- _Brief_:
The output is the line containing "A little bleach" plus every later line down to the end of the listing below, copied exactly. No pictures belong in it.

- _Information provided_:
= Beginning of Section =
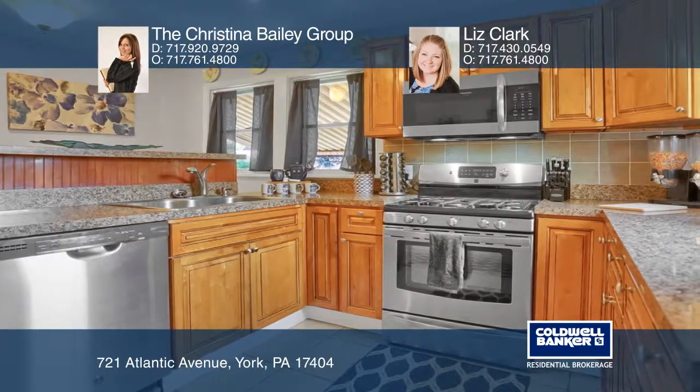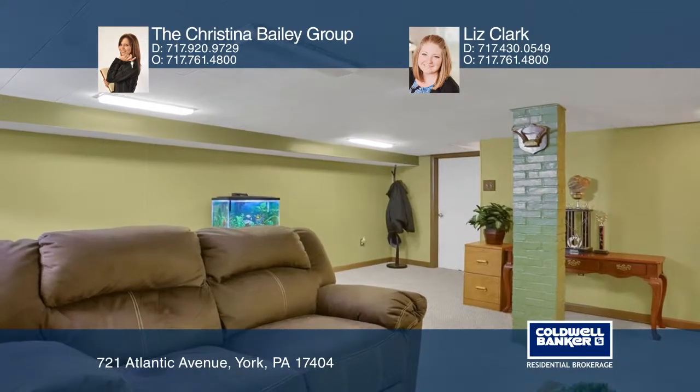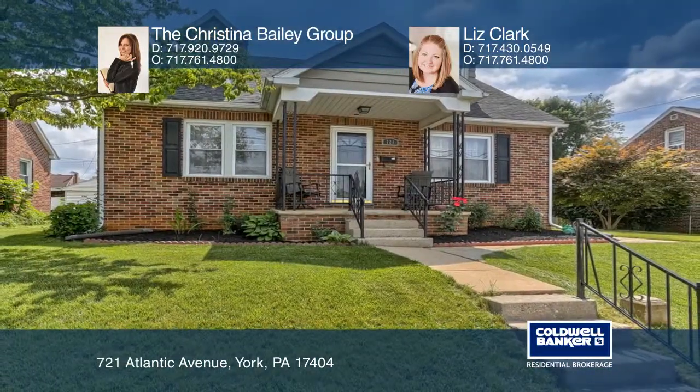This home boasts a newer kitchen, a family room with a fireplace, and a full basement ready to be finished. Enjoy hosting barbecues on the huge brick patio. Come see all this home has to offer with the Christina Bailey Group and Liz Clark.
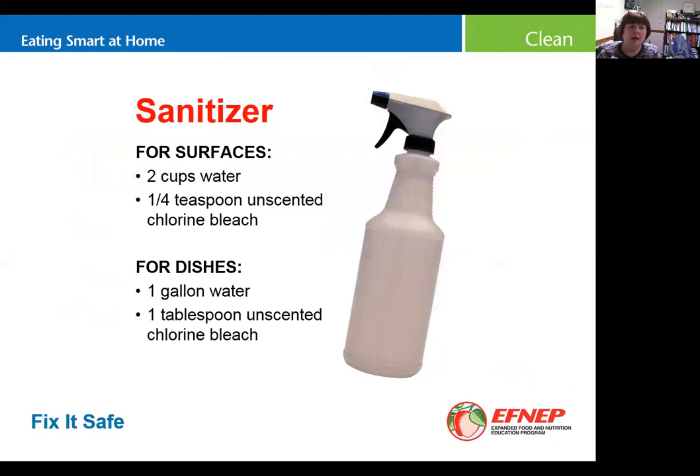A little bleach water will sanitize surfaces. Mix a quarter teaspoon to two cups of water, or a tablespoon to a gallon of unscented bleach — it needs to be unscented, because added scents are not food grade. Spray your counters and surfaces until wet, then let them air dry so the bleach has time to work. Change out your sanitizer about once a week because the bleach will evaporate. If you prefer not to use bleach, you can use a commercial sanitizer, but read the label and follow directions carefully.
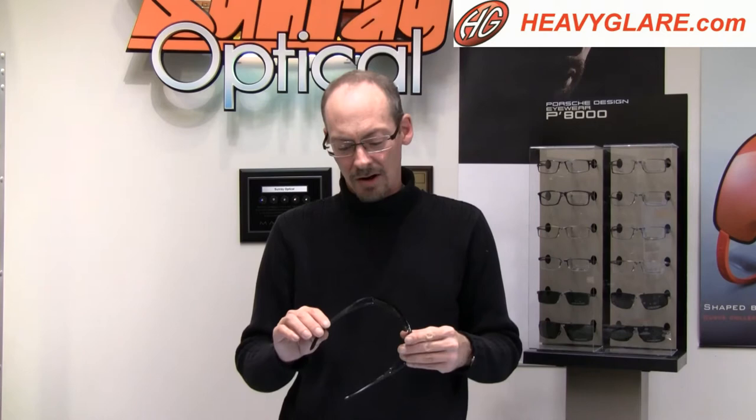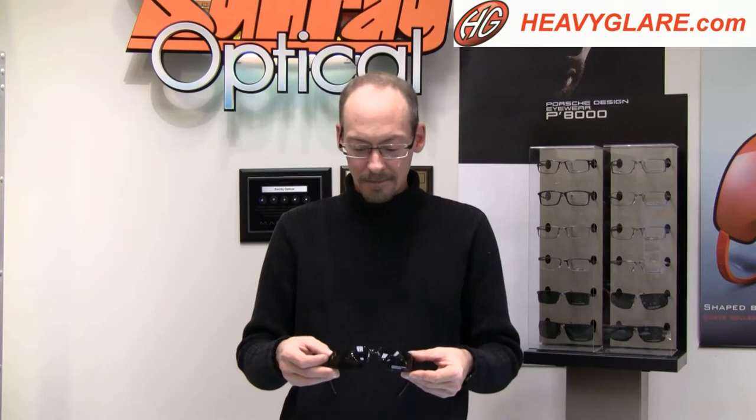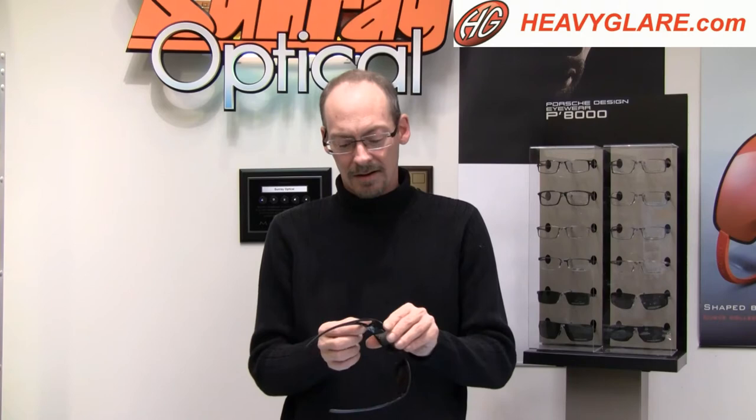They had some very groundbreaking designs back then and they continue that to this day, along with state-of-the-art construction, titanium frames, polarized lenses, and excellent fit and finish. You're not going to find a better pair of sunglasses than a Porsche Design, I guarantee you that. Everything from the hinges to the way all the surfaces match up, finish quality, and the fit are just fantastic.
= End of Section =
- _Written response_:
A little bleach water will sanitize surfaces. Mix a quarter teaspoon to two cups of water, or a tablespoon to a gallon of unscented bleach — it needs to be unscented, because added scents are not food grade. Spray your counters and surfaces until wet, then let them air dry so the bleach has time to work. Change out your sanitizer about once a week because the bleach will evaporate. If you prefer not to use bleach, you can use a commercial sanitizer, but read the label and follow directions carefully.
They had some very groundbreaking designs back then and they continue that to this day, along with state-of-the-art construction, titanium frames, polarized lenses, and excellent fit and finish. You're not going to find a better pair of sunglasses than a Porsche Design, I guarantee you that. Everything from the hinges to the way all the surfaces match up, finish quality, and the fit are just fantastic.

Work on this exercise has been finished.